グラドス星の侵略から地球を守るため、地球人の父とグラドス星人の母を持つ少年、アルバトロ・ナル・エイジ・アスカが、人型機動兵器(SPT)であるレイズナーで戦う物語だ。
1996年の近未来を舞台とした本作は、人類が火星への進出を果たすようになってもなお、アメリカとソ連(現:ロシア)が対立を引きずったままであるなど、放送当時(1985年)の世界情勢を色濃く反映したリアルな設定だった。
グラドスという外敵だけでなく、地球では国同士の軋轢、エイジに対する敵意や疎外など人間ドラマも描かれ、ロボットアニメの面白さを追求した意欲作である。
主題歌は日本のバンドAIRMAIL from NAGASAKIが歌う『メロスのように ーLONELY WAYー』、歌詞は後に「AKB48」の総合プロデューサーとして知られる秋元康さんが担当した。

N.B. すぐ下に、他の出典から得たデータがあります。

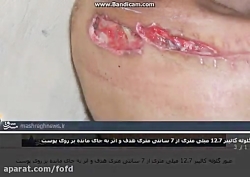 گلوله تک تیرانداز ایرانی صیاد...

オープニングはスタイリッシュな前奏から、スピード感あふれる映像でキャラクターがカットイン。そして宇宙空間でSPT同士の激しい戦闘がおこなわれるなか、ドラムとピアノがビートを刻むクールな間奏をバックに、突如キャラクターの映像とセリフが挿入される。この演出は当時のアニメにおいて非常に斬新だった。
特にデビッド・ラザフォードの「誰か説明してくれよ!」(第1話)や、エイジの「僕だって人間なんだーっ!」(第7話)は、その汎用性の高さからたびたびネタにされているほどだ。
なお、この手法は1996年制作のOVA『新世紀GPXサイバーフォーミュラSAGA』(全8巻)のオープニングにも受け継がれている。